Tahun 2004 kebetulan saya harus bekerja di Berlin,
dan saya mencari tempat tinggal di wilayah penduduk yang masih Asri.
Hari-hari pertama saya harus melengkapi bumbu dapur, sehingga saya harus
ke supermarket besar terdekat. Saat saya sudah membeli berbagai
kebutuhan, saya melihat roncean bawang lanang (rangkaian
bawang putih tunggal helai) dan saya pun mengambilnya. Ketika saat saya
berada di depan Kasir, saya pun menanyakan, “Bawang putih semacam ini
untuk memasak apa?” Kasir yang saat itu, wanita muda yang masih
berumuran 20 tahunan menjelaskan kepada saya, bahwa rangkaian bawang
semacam itu untuk digantungkan di depan pintu masuk, atau di dapur yang gunanya untuk menolak mara bahaya yang datang dari mahluk halus.
Dari dua pengalaman saya di atas, jelas bahwa orang-orang di negara modern masih mempercayai adanya Dunia Gaib.
Dari mayoritas blog yang mengatasnamakan untuk kepentingan Kejawen,
ternyata mereka adalah milik orang-orang beragama Rasul, yang intinya
ingin memutarbalikan fakta Agami Jawi. Bagi yang ingin memeluk Agami
Jawi apapun suku bangsa anda, anda hanya perlu dengan mencoba dengan
Olah Roso.
Agami Jawi adalah agama yang benar-benar mempercayai dan meyakini kebesaran Gusti.

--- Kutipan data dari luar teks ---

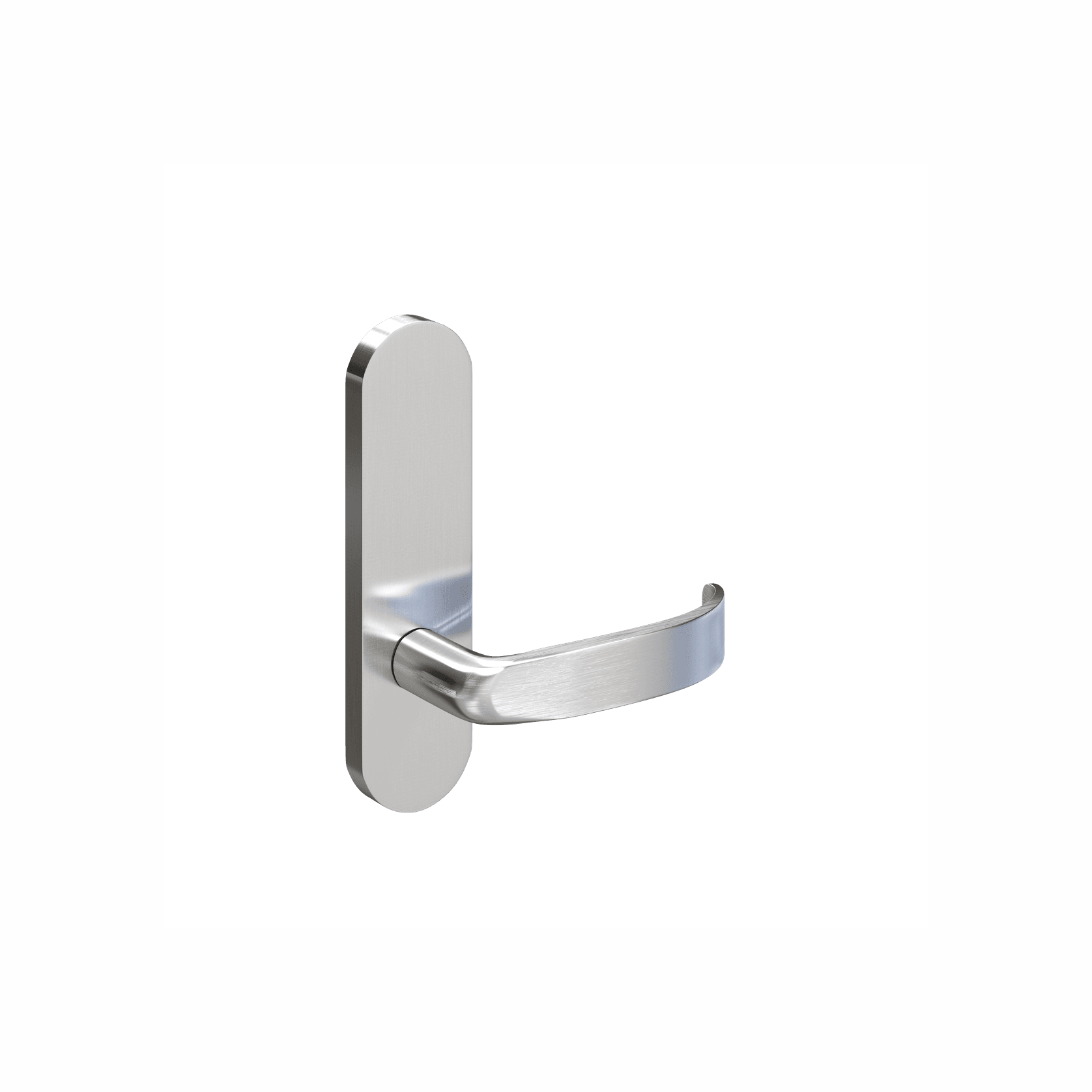 Legge 500 Series Neptune (N) Door Furniture gallery detail image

Sesungguhnya tidak ada yang namanya Kejawen Hindu, Kejawen Budha,
Kejawen Islam ataupun Kejawen Kristen. Nilai-nilai Agami Jawi memang
sudah digeser oleh agama-agama pendatang. Agami Jawi adalah agama yang
sudah tumbuh berkembang, jauh sebelum agama-agama import itu datang ke Indonesia.
Mengapa begitu? Orang Jawa yang terkenal dengan sifatnya yang senkretis,
sehingga hal ini dimanfaatkan oleh orang-orang pembawa agama import
tersebut, agar nilai-nilai mereka dapat diterima oleh Agami Jawi, maka
mereka mencoba untuk mengawinkan agama mereka dengan Agami Jawi yang
sudah tumbuh jauh lebih lama dari agama mereka.
Dan, setelah Soeharto jatuh, mereka menganggap sudah sangat kuat,
sehingga mereka berniat untuk menggeser Agami Jawi dari Bumi Nusantara
ini. Hal ini dapat dilihat dari banyaknya ancaman, baik fisik maupun non
fisik yang mereka lakukan kepada orang-orang awam di Indonesia. Dengan
keteguhan Para Kejawen Sejati sepertia anda, saya yakin Agami Jawi
lambat laun akan menjadi tuan rumah kembali di tanah kelahirannya
sendiri.
Evolusi Dalam Kejawen
Bicara mengenai evolusi bagi orang yang beragama, maka dapat dilihat ada tiga kubu, yakni:
Kubu pertama yaitu yang meyakini agama-agama Rasul. Dalam dogma dan
keimanan beberapa agama mengkisahkan awal mulanya kehidupan manusia
adalah dikarenakan adanya kutukan terhadap Adam dan Hawa, yang artinya
mereka turun ke bumi sudah berbentuk atau dengan wujud manusia
seutuhnya, seperti manusia sekarang ini.
Kubu kedua yaitu yang ditentang oleh agama-agama Rasul. Dalam pemahaman
Generatio Spontanea, bahwa evolusi dimulai dari munculnya kehidupan
secara kebetulan, yang lalu berevolusi menjadi manusia seutuhnya. Atau
faham teori tersebut, berkeyakinan bahwa awalnya mahluk hidup, muncul
dari benda mati, dan berkembang terus. Hingga penyempurnaannya melalui
evolusi.
Kubu ketiga yang diyakini oleh Agami Jawi. Dalam logika seorang Kejawen,
bahwa Tuhan Yang Maha Esa memberikan Kehidupan Awal Yang Hakiki,
selanjutnya mereka Berevolusi. Logika inilah yang diyakini oleh seorang
Kejawen, sehingga kami tidak memerlukan dogma dan keimanan, karena
semuanya logis adanya.
Setelah pemberian nyawa atau kehidupan yang merupakan hak absolut Tuhan
Yang Maha Esa, untuk memberikan kehidupan. Dari sinilah, atau pemahaman
inilah yang diyakini oleh seorang Kejawen sebagai awal permulaan
terbentuknya mahluk hidup, dan kemudian terbentuklah manusia purba,
hingga berevolusi menjadi manusia seutuhnya, seperti sekarang ini.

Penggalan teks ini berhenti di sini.